Théétète : Commence pourtant par nous dire, toi, et par nous distinguer quelles sont les deux formes dont tu veux parler !
L’Étranger : Je parle de deux formes, parce que si, dans cet art, je vois d’un coté un art de simulation, celui-ci existe principalement dans le cas où, se conformant aux proportions du modèle en longueur, largeur et profondeur, on réalise la production de la chose imitée, en lui donnant encore, par surcroît, les couleurs qui conviennent.
Théétète : Mais quoi ? n’est-ce pas ce qu’essaient de faire tous ceux qui imitent quelque chose ?
L’Étranger : Pas en tout cas tous ceux du moins qui ont occasion de modeler ou de peindre quelque ouvrage de grandes dimensions : si, en effet ils rendaient la proportion véritable propre à la beauté des choses, tu sais fort bien que les parties supérieures de l’ouvrage apparaîtraient plus petites qu’il ne faut, et les parties inférieures, de leur côté, plus grandes pour la raison que les premières sont par nous vues de loin tandis que les secondes le sont de près.
Théétète : Hé ! oui, absolument.
L’Étranger : L’une de ces deux choses, n’est-il donc pas juste, en tant qu’elle ressemble à l’objet réel, de l’en appeler « le semblant » ?
Théétète : Oui.
L’Étranger : Et l’espèce de l’art imitatif qui correspond à cette espèce d’objet, ne devons-nous pas l’appeler un « art de la simulation » ?

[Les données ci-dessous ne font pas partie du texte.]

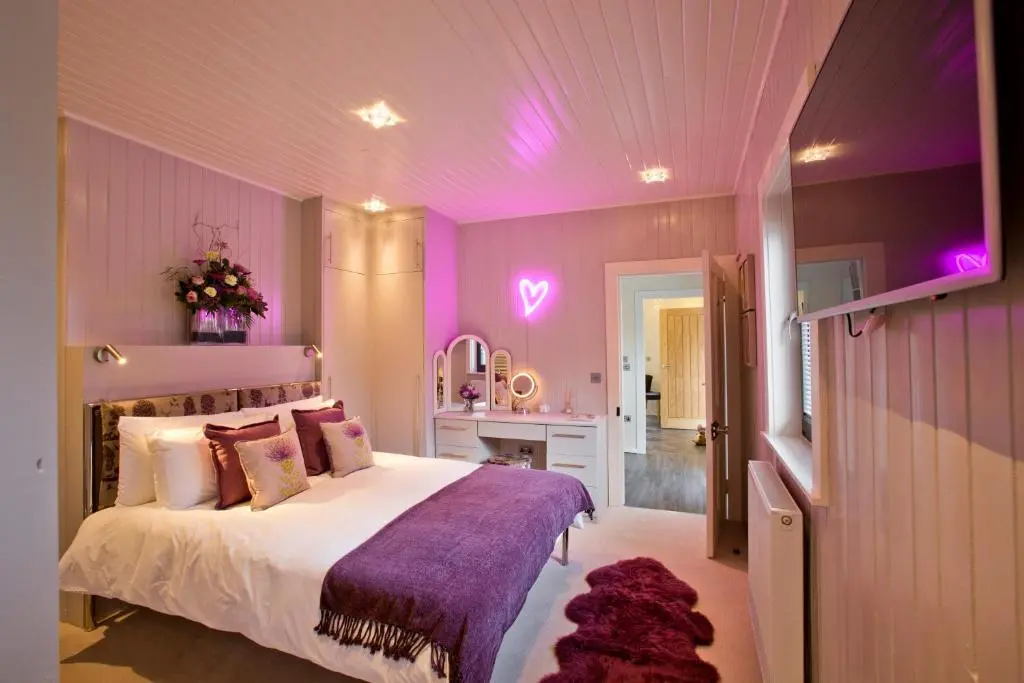 a bedroom with a bed with purple lighting at The Invergarry - Royal Deeside Luxury 5 star Couples Retreat with Hot Tub, Aboyne in Aboyne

Théétète : Ainsi nous devons l’appeler !
L’Étranger : Qu’est-ce à dire ? Ce qui, du fait de n’être pas contemplé de point de vue qui est le bon, a l’apparence de ressembler à ce qui est réellement beau, mais qui, dans le cas où l’on a trouvé la possibilité de voir dans les conditions voulues d’aussi grands ouvrages, n’a même pas le semblant de ce à quoi il prétend ressembler, quel nom lui donnons-nous ? Puisque justement, tout en ayant l’apparence de ressembler, il ne ressemble pas cependant, ne l’appellerons-nous pas « apparence illusoire » ?
Théétète : Sans contredit !
L’Étranger : Or, dans l’ordre de la peinture, n’est-ce point là une partie de l’art dont l’importance est énorme, aussi bien que dans l’ordre tout entier de l’art imitatif ?
Théétète : Comment le nier ?
L’Étranger : Dès lors, l’art qui réalise une apparence illusoire à la place d’une simulation de la chose, ne le désignerions-nous pas très justement par le nom d’ « art de l’apparence illusoire » ?
Théétète : Avec beaucoup de justesse, oui !
L’Étranger : Voilà donc les deux espèces que je disais exister dans l’art de produire des simulacres : un art de la simulation et un art de l’apparence illusoire.